Rock Week 2019 - Led by John Barry

Published Tuesday, 8th October 2019

In September 2019 a team of wounded, injured and sick service personnel and veterans gathered together in Cornwall for an incredible week of rock climbing, led by 65 Degrees North's High Mountain Advisor, John Barry.

For many it was their first rock climbing experience, and for others it was an opportunity to rediscover the joy of adventure and being part of a team again.

We would like to thank everyone who gave their time and expertise to make this such a successful experience.

Below is a summary of the week written by John Barry:

"The Aim was to climb rock. As much rock as mind, muscle and inclination allowed in 6 days.

We based ourselves - thirteen of us - at Penver Cottage, a Royal Marine training base, in St Just, West Penwith, Cornwall.
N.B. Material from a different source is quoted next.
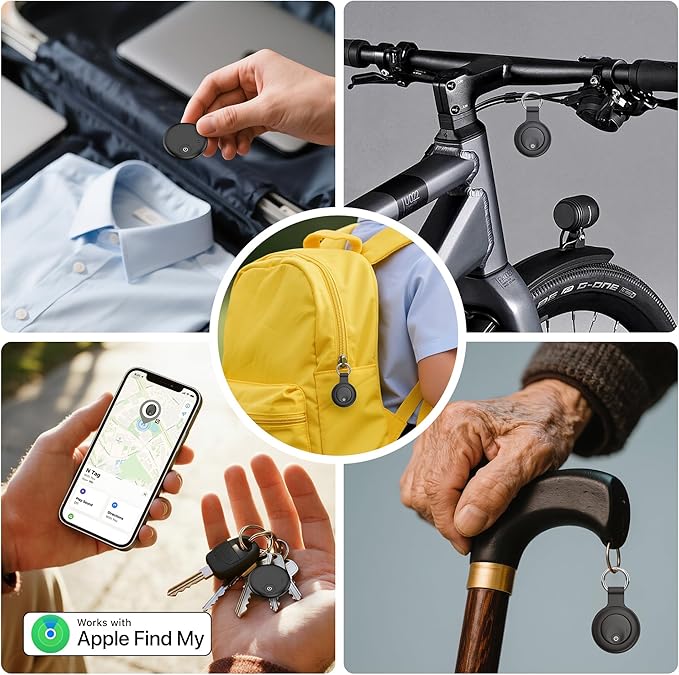 Air Trackers -4 Pack: Bluetooth Tracker Tag, Item Finder Works with Find My App, Trakcer Tag Locator for Your Keys, Wallet, Luggage, Backpack, and More. (Black-4-Dual, 4)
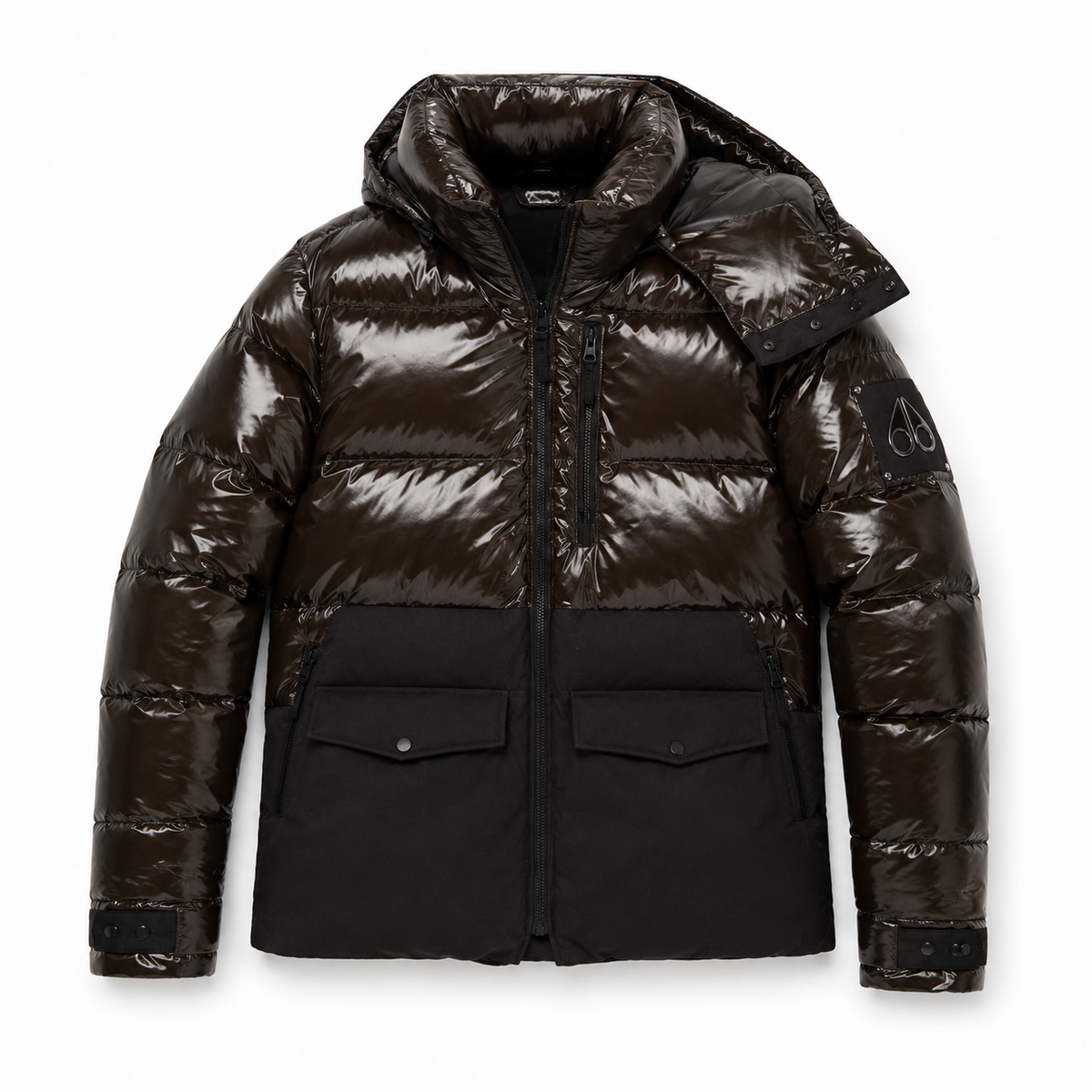 Moose knuckles Men Jacket Padded Glossy Brown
This is a region blessed with dozens of immaculate cliffs of rough and inviting granite that come in all shapes, sizes and angles. Most overlook the Atlantic Ocean; many rise from it.

Each day over breakfast we would check the weather; check too the tides (some of our intended venues were tide-affected and readily accessible only at a lowish water); discuss venues, team composition, aspirations, preferences; then alight on some kind of consensus, grab kit - ropes, rock shoes, racks, helmets and all the paraphernalia of the rock game, jump into any of a convoy of vehicles and head to that day's selected cliffs. And to a new adventure. A frisson of anticipation was ever alive in the air, the excitement practically palpable and, by both volume and by syllable, measurable.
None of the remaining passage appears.